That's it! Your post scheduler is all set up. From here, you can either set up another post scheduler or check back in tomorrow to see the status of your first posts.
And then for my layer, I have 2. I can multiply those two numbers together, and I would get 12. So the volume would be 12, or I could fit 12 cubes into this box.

====

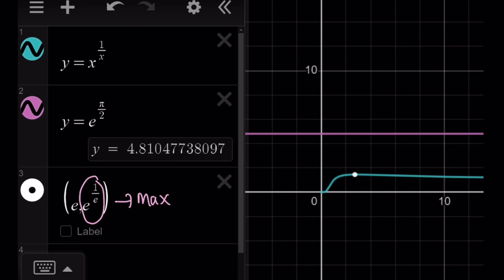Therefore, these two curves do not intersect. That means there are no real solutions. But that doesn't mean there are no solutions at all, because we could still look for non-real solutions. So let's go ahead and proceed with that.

====

= WHAT YOU HAVE TO DO =
Taking the material above, extract exactly and only the lines from the line with "That's it! Your" to the line with "And then for", inclusive of both.

= EXERCISE OUTPUT =
That's it! Your post scheduler is all set up. From here, you can either set up another post scheduler or check back in tomorrow to see the status of your first posts.
And then for my layer, I have 2. I can multiply those two numbers together, and I would get 12. So the volume would be 12, or I could fit 12 cubes into this box.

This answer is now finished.